Union budget 2009-10
(Ved Prakash Chaturvedi is the Managing Director of Tata Asset Management Ltd. The views expressed in this column are his own)
By Ved Prakash Chaturvedi
The annual Budget presentation exercise of the Government over the last few years increasingly has been seen more as a statement of accounts with particular focus on the broad policy measures and intent of Government spending in the coming few years rather than an opportunity for specific details of reform moves.
This trend has continued in this Budget. After the Elections, this is the first economic policy statement that this Government was making.
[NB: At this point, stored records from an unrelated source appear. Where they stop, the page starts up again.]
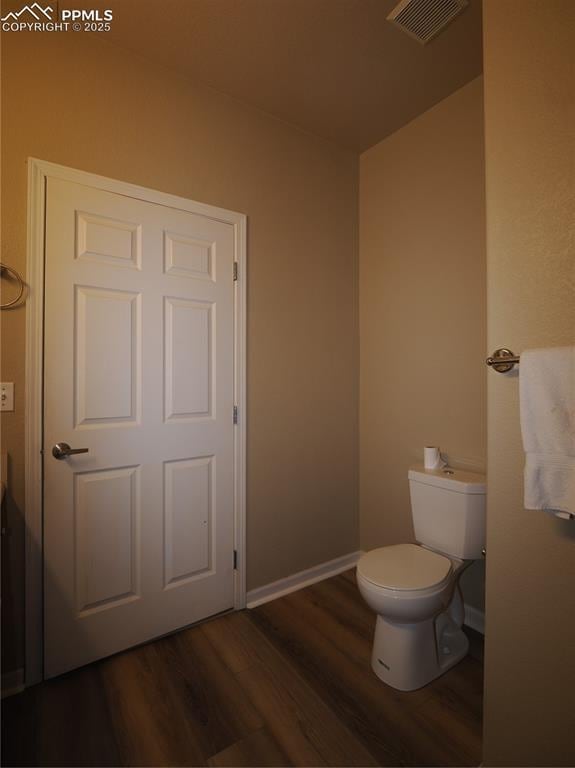 bathroom featuring hardwood / wood-style flooring and toilet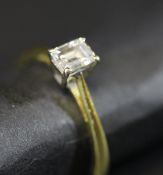 An 18 carat gold mounted solitaire diamond ring, the rectangular cut stone approx 0.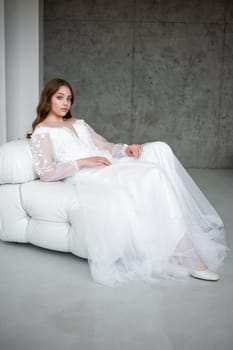 portrait of beautiful young woman in white wedding dress posing in studio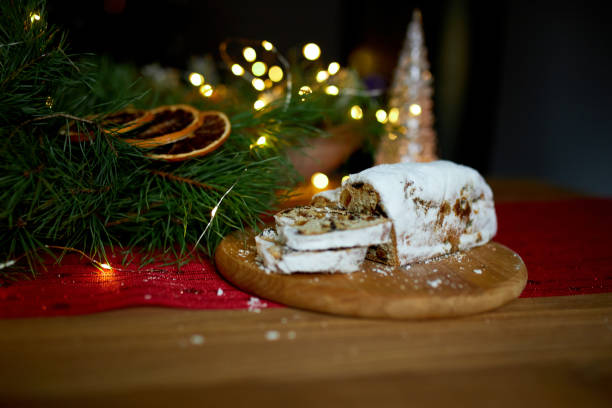 istock Stollen German christmas bread, Christmas stollen on wooden background 1345143693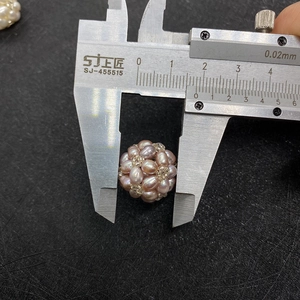 Macro shot measuring a 15mm lavender pearl beaded ball with a metal caliper tool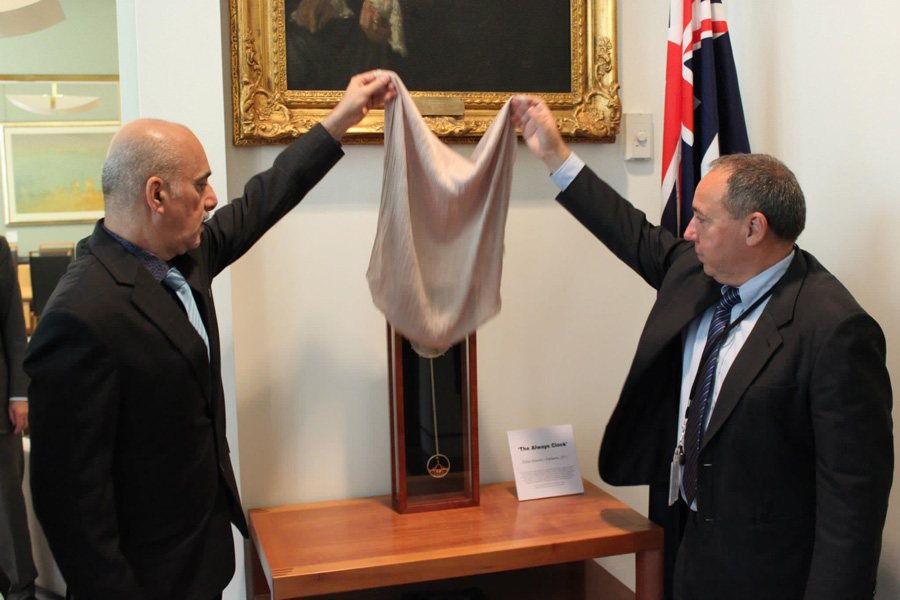 Two men lift a cloth from the Always Clock at its unveiling in Parliament House, an Australian flag beside them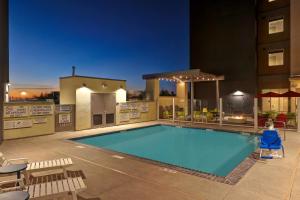a swimming pool with chairs and a building at Home2 Suites By Hilton Turlock, Ca in Turlock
Also it was the first of the five successive such statements that the Government will make.
Hence, we heard the FM talk about the emphatic policy intent of looking at the strategic perspective and talking about key focus areas like soft infrastructure, hard infrastructure, roadmap of public finances, increase in FDI limits, divestment programme, etc.
The backdrop to the presentation of the Budget presented a mixed picture. Global slowdown, slipping fiscal prudence, the need to provide stimulus to the domestic economy, high liquidity overhang and yet high real interest rates.
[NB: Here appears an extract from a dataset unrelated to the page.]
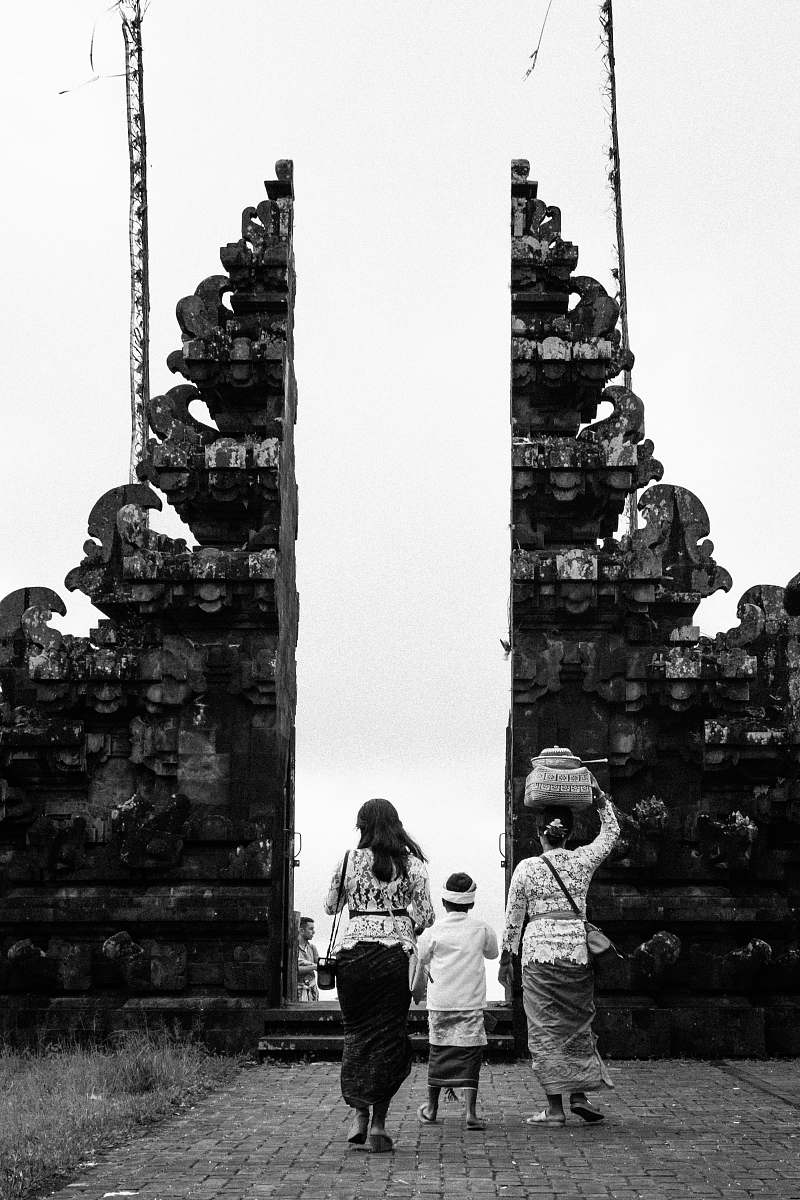 human three person walking through building grayscale photography person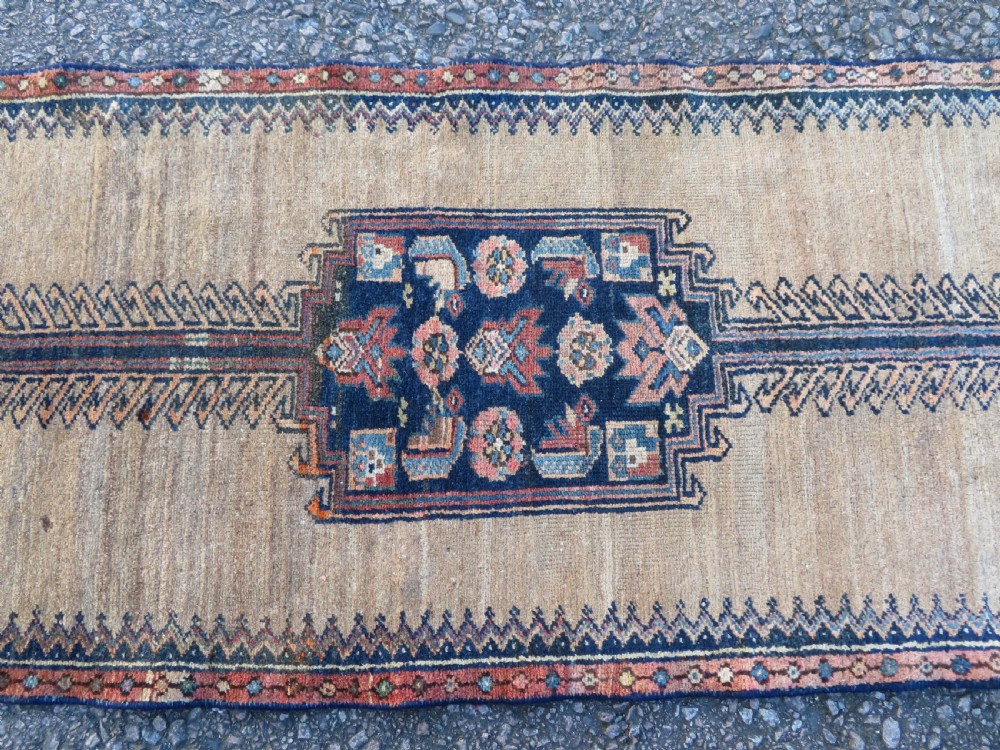 A long, narrow hand-knotted antique Persian Kurdish wool runner rug with geometric central column motifs on a camel field bordered in dark navy blue. View III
The Budget had the difficult task of attempting to stimulate equitable growth and large investment while projecting a path towards improvement in public finances.
The stock markets have given an emotional negative reaction to the Budget given the fact that expectations on details were high.
The general expectation was that this was actually the first Budget of a highly reform oriented Government free from constraints and hence specific policy details in areas like divestment, infrastructure development, improvement of public finances and increase in overseas investment limits in various sensitive industries will form the highlights.
However, the Budget actually touches upon all these areas with emphasis while leaving details for later. It is clear that future policy announcements referring to these details of the measures to come will need to be watched carefully.
Once the market digests this and starts looking to the future and to the fundamentals of the Indian economy and as overseas investors understand the fine print, nerves will settle.
With the direct tax proposals being revenue neutral and with a marginal increase in taxes, it is quite evident that the fiscal deficit will most probably be higher than even the estimates and markets will start to worry about inflation.
A higher fiscal deficit is likely to put continued pressure on long bond yields. Thus, bottom lines of companies and large projects will continue to be under pressure because of higher interest costs. Introduction of higher MAT will further cause concern to some companies.
It should however be noted that the Budget specifically speaks about concerns on fiscal slippages and the intention to put in place a renovated medium term FRBM policy.
Though the immediate impact of the Budget is unlikely to cheer the markets, some bold moves have been initiated which in the long run can prove decisive for sustaining the growth momentum of the economy.
Building of infrastructure in certain key areas e.g. roads where a target of 7,000 KMS. per year has been fixed. Focus on urban infrastructure, increasing the efficiency of the rail infrastructure, etc. seem to be definite positive moves. Similarly, the significant focus on disinvestment with Indian investor participation can yield huge results if continued persistently over a 5-year period.
The removal of surcharge of 10% on personal income-tax will come as a good relief for tax payers.
This should generally be positive for stimulating retail consumption demand. The statement of the timeline for introduction of GST would also enhance the efficiency of the tax structure. These tax measures though modest will certainly help boost consumer sentiment.
The Indian economy is capable of delivering high growth rates of over 8% provided its key enablers viz. investment, infrastructure, inclusive polity and a stable geo-political climate are in place.
While walking a narrow path between the need for stimulating growth at the same time promoting fiscal prudence, the Government has certainly emphatically talked about its determination of ensuring that these enablers are in place. In a difficult global scenario, India will stand out as a growing economy, once nerves settle investors will come back.